Later, Nancy wondered if she had sensed something, a kind of premonition, that had motivated her to choose that particular evening to suggest uprooting the three of them and moving into town, where life would be easier and more convenient. As she left the optician’s, however, armed with a prescription for reading glasses (“Just the age you’ve reached, dear, nothing to worry about”), the thought uppermost in her mind was the pot of tea and the toasted teacake that she was going to treat herself to in the café around the corner before setting off on the rather arduous cycle home. It was a hot day and Teddy had the car. He was going to an agricultural show, a reluctant Viola in tow. She was awfully tired, Nancy thought, but the tea would buck her up.

 

It did, and as she was sorting out her change for a tip for the waitress she was struck with the thought that the only thing that was happening to her—to her and Teddy (and even Viola, although less urgently)—was that they were simply growing older.

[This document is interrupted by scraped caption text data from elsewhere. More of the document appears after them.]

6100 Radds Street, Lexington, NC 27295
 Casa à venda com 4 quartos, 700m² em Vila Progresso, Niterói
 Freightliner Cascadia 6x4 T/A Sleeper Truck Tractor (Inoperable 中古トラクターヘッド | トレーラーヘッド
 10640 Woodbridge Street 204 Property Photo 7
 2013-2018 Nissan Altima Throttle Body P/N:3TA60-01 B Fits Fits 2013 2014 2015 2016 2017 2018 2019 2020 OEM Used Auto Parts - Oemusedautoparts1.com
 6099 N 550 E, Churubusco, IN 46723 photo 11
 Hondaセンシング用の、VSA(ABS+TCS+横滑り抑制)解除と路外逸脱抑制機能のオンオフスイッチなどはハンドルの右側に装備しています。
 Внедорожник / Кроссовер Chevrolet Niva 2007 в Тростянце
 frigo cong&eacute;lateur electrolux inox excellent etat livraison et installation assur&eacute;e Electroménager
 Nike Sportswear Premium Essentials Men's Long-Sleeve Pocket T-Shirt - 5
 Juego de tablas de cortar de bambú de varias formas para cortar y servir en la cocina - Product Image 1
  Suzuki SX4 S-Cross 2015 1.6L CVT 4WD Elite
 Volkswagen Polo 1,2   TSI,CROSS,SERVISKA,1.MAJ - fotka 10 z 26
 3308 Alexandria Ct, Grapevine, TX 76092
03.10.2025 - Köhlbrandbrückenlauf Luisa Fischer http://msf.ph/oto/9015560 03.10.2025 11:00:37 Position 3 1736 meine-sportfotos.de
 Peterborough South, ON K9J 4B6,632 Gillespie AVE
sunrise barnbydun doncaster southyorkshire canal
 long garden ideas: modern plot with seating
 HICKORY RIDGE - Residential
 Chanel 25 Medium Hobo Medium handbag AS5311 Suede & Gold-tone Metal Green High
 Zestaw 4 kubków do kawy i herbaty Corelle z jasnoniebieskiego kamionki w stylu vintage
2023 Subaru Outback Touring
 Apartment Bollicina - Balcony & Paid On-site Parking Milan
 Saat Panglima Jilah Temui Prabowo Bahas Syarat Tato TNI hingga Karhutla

Otherwise their lives stayed the same. They were treading water, plodding along in a rut. Why shouldn’t they do something different, shake themselves up a little?

 

 

Plodding?” Teddy said, a fleeting spasm of distress taking hold of his features. They were in bed—cocoa and library books, and so on—a good definition of “plodding” in anyone’s lexicon, Nancy supposed. She remembered Sylvie saying, “Marriage blunts one so.”

 

“It’s not an insult,” she said, but Teddy didn’t look convinced.

 

 

One weekend, not long after they had made the move to York, Nancy was taking the Sunday roast from the oven when, with no warning at all, her left arm gave way and the pan and its contents clattered to the floor. Teddy must have heard the noise because he came rushing through to the kitchen and said, “Are you all right?”

 

“Yes, yes, fine,” she said, surveying with dismay the carnage of lamb and potatoes, not to mention the hot fat that had splattered everywhere. “Not burnt?” Teddy said anxiously. No, she reassured him, not burnt. “I’m a clumsy dolt, I really am.”